Despite being > 10 Myr , there are \sim 10 debris discs with as much CO gas as in protoplanetary discs .
Such discs have been assumed to be “ hybrid ” , i.e. , with secondary dust but primordial gas .
Here we show that both the dust and gas in such systems could instead be secondary , with the high CO content caused by accumulation of neutral carbon ( C ^ { 0 } ) that shields CO from photodissociating ; i.e. , these could be “ shielded secondary discs ” .

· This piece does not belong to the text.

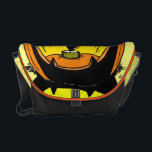 Jack o' Lantern Messanger Bag<br><div class="desc">Now you can carry the spirit of Halloween with you all year round with this spooky fun jack o' lantern design! Pumpkin was hand-sketched in pencil and ink then digitally colored. Original artwork by Sunny</div>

New ALMA observations are presented of HD131835 that detect \sim 3 \times 10 ^ { -3 } M _ { \oplus } of C ^ { 0 } , the majority 40-200au from the star , in sufficient quantity to shield the previously detected CO. A simple semi-analytic model for the evolution of CO , C and O originating in a volatile-rich planetesimal belt shows how CO shielding becomes important when the viscous evolution is slow ( low \alpha parameter ) and/or the CO production rate is high .
Shielding by C ^ { 0 } may also cause the CO content to reach levels at which CO self-shields , and the gas disc may become massive enough to affect the dust evolution .
Application to the HD 131835 observations shows these can be explained if \alpha \sim 10 ^ { -3 } ; an inner cavity in C ^ { 0 } and CO may also mean the system has yet to reach steady state .
Application to other debris discs with high CO content finds general agreement for \alpha = 10 ^ { -3 } to 0.1 .
The shielded secondary nature of these gas discs can be tested by searching for C ^ { 0 } , as well as CN , N _ { 2 } and CH ^ { + } , which are also expected to be shielded by C ^ { 0 } .